Now, let me just push back a little bit because engineers are uniquely suited to that way of thinking. They’re inherently thrilled by problem solving and discovery. Hypothesis testing is something they inherently understand and have been trained in even formally in many cases. Can you do that with non-engineers? Could you get other teams to embrace those same ideas without having the same sort of—it’s a little bit of a stereotype, it’s unfair—but without having that sort of natural set of abilities?

Rhonda Turner:

I think so. And I think it requires kind of talking about it and defining it and even training to it to help open people’s minds to what we mean by it and what we expect from it. We’re not there yet, but it’s something definitely that we aspire to do.

Adrian McIntyre:

Are there parts of the business where you actually don’t want people to think in innovative ways? You know, manufacturing is designed on repeatability, right? Quality control means there was nobody having a random idea and trying something in the middle.

Rhonda Turner:

Exactly, right. But there’s a balance to that because while we want our production team members to follow the process and comply and build that product to specs, right? We want them to think creatively about their work environment. And so we have a big focus on continuous improvement within the company, as most manufacturing companies do.

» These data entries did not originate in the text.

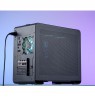 Jonsbo U4 Mini Micro-ATX Case, Tempered Glass - Black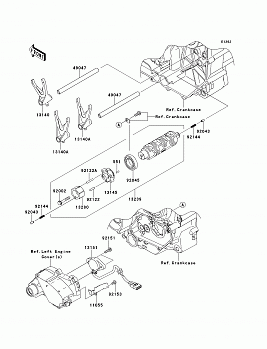 Gear Change Drum/Shift Fork(s)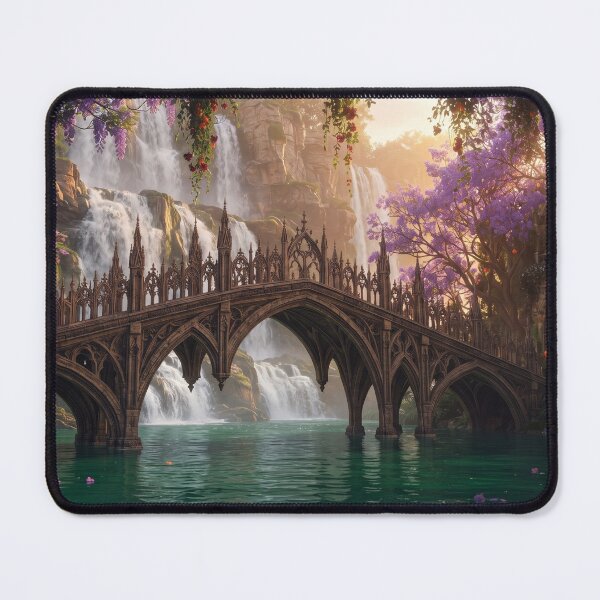 Item preview, Enchanted Elven Bridge at Sunset designed and sold by BlareBlare.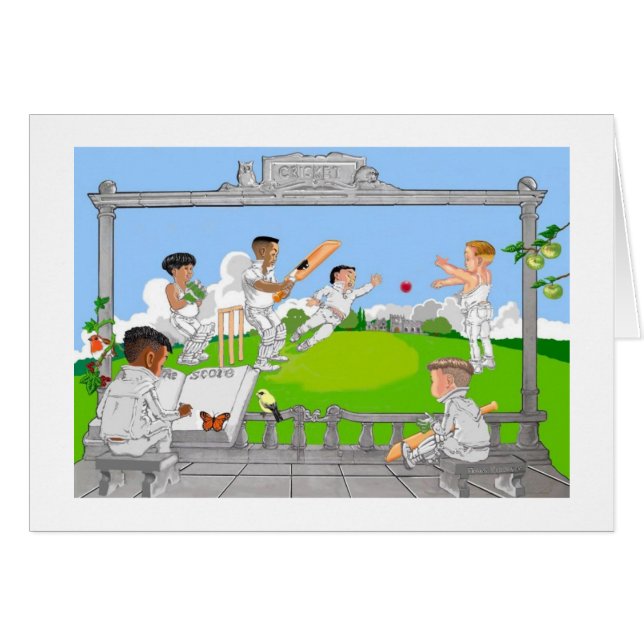 Cartão críquete, críquete bonito (Frente Horizontal)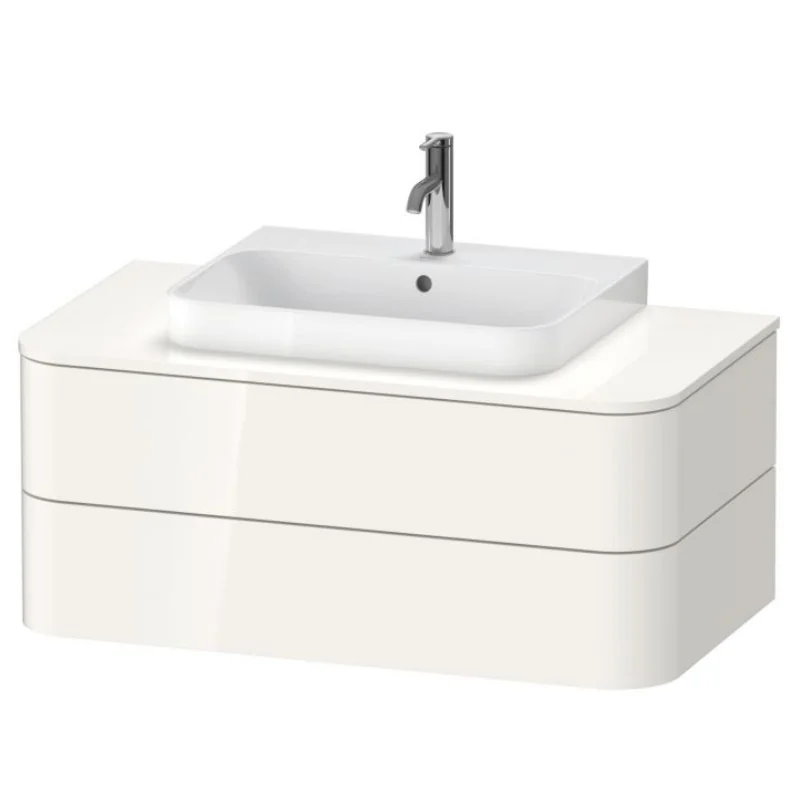 Тумба под раковину, Duravit, Happy D.2 Plus, шгв 1000*550*408, раковина-необходимо заказать, цвет-белый глянцевый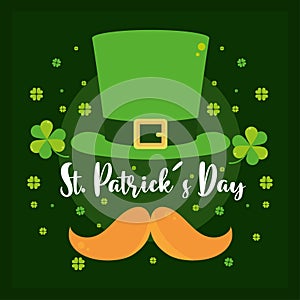 st patricks day greeting card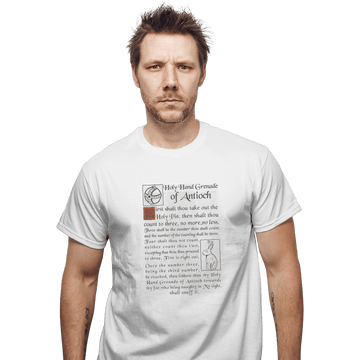 Shirts T-Shirts, Unisex / Small / White Holy Hand Grenade Script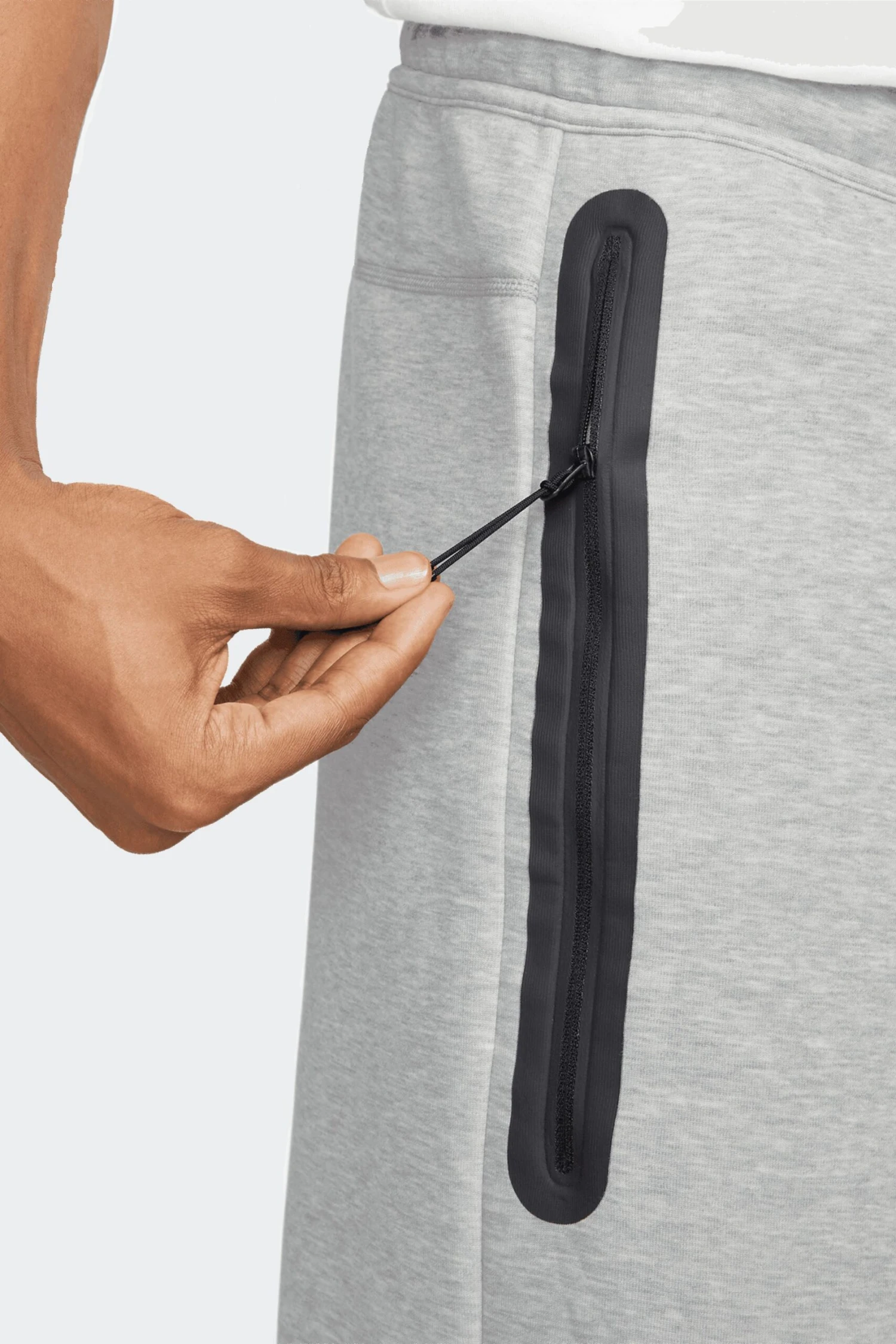 NSW TECH FLEECE SHORTS(Nike Mens Nsw Tech Fleece Shorts_dk Grey Heather Black) 5 NSW TECH FLEECE SHORTS(Nike Mens Nsw Tech Fleece Shorts_dk Grey Heather Black) - Image 3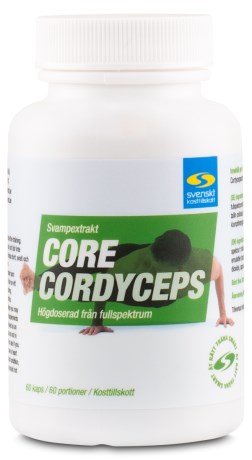Core Cordyceps, Terveys & Hyvinvointi - Svenskt Kosttillskott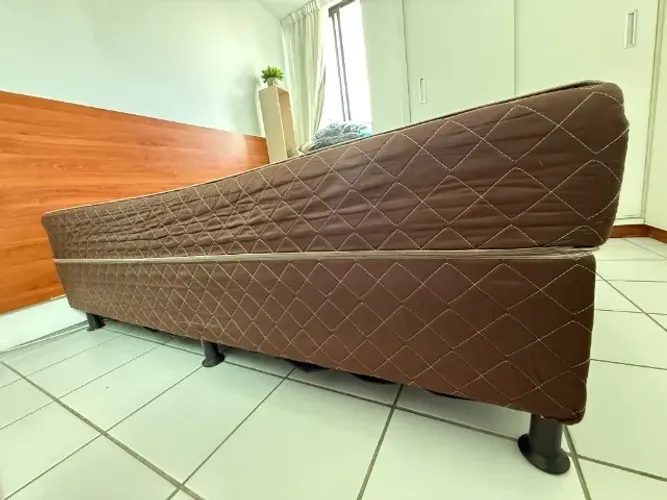 Cama Box Casal com Colchão de Molas Ortolite ? 136x188cm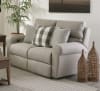 Westport Lay Flat Reclining Loveseat in Metal Color Fabric by Catnapper - 1212-M - Image 1 of 0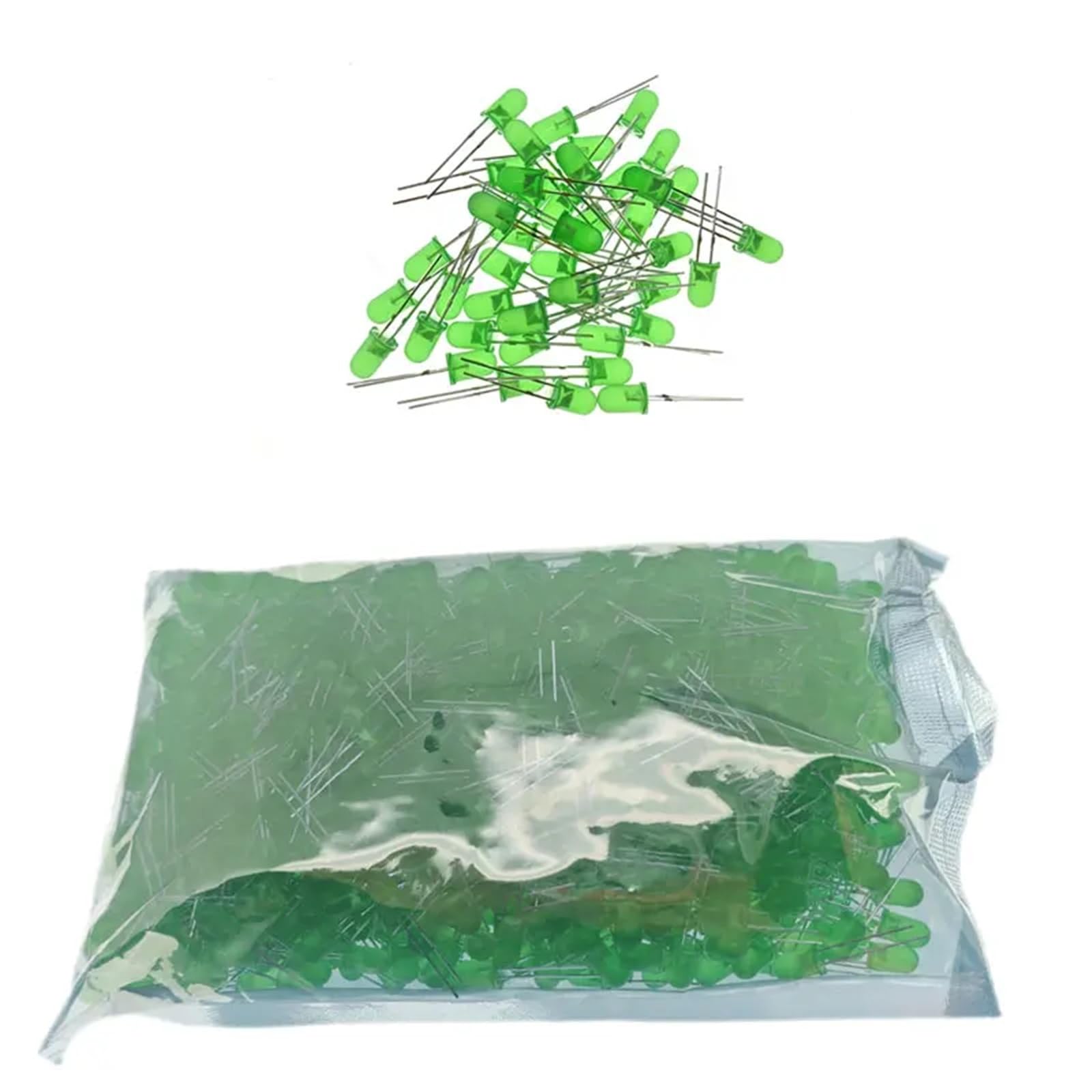 1000 pz/borsa 5mm led diodi emettitori di luce LAMPADA LED diffusa Z2(Green)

And so we’re going through something right now. I’m a judge on a panel assessing various projects that have been going on within the company. It’s called our BEX Olympics. So it’s all about our Benchmark continuous improvement efforts, and all the sites have submitted their projects. They’ve done various Kaizen events and they ultimately have a set of projects that have yielded some financial savings and even some hard savings and some soft savings as well. And so I’ve got six finalists that I’ve been going through and assessing with my team of judges. And it is amazing what our team members come up with, like the creativity, the innovation, and even the production team member who’s on the line. And it’s not necessarily changing the build process, but it’s changing where the parts are and putting things within arm’s reach and eliminating the steps that they have to walk to go get something. And so for them to participate in our Kaizen events and contribute their ideas so that we make a better work environment for them, that’s been hugely rewarding. They’re thrilled to participate in those activities.

Adrian McIntyre:

Cameron, there’s natural hierarchies based around technical ability, based around experience, etc. But how do you create a culture where that kind of bottom-up thinking makes the overall process better?

Cameron Magee:

I love that you’re doing these Kaizen events. We have a little baby version of that. I just feel like everything I say is baby compared to your scale, but our little baby version is we call them next-time notes, because we do over a hundred events a year. We did over 200 last year, and we have different team members on different crews, different combinations all over the country at any given time. And you learn different things. You know, you learn, hey, at this venue, it turns out the dock shuts down from 6 a.m. to 10 a.m. for food delivery or whatever. And we haven’t run into that before. And so we love having the spirit of next-time notes. And it’s very simply just every member of every crew the day after the show, when loadout’s done and you’re on your flight home or whatever, it’s an open journal to share with everyone. Everyone in humility … it takes a pretty big spoonful of humility. How did you grow? How did you learn from this event? And it’s putting on display somewhere where you were weak and are now strong. It’s a safe place—that’s a little overused right now—but it’s a safe platform to say, “Hey, you know what? That was my bad, and that put us an hour and a half behind, and so we had to work harder on setup day to catch up. But I’ve learned from that now, and I think it it’d be a good idea if we put that in our checklist when we’re doing the site visit to ask, are there any hours the dock is closed?”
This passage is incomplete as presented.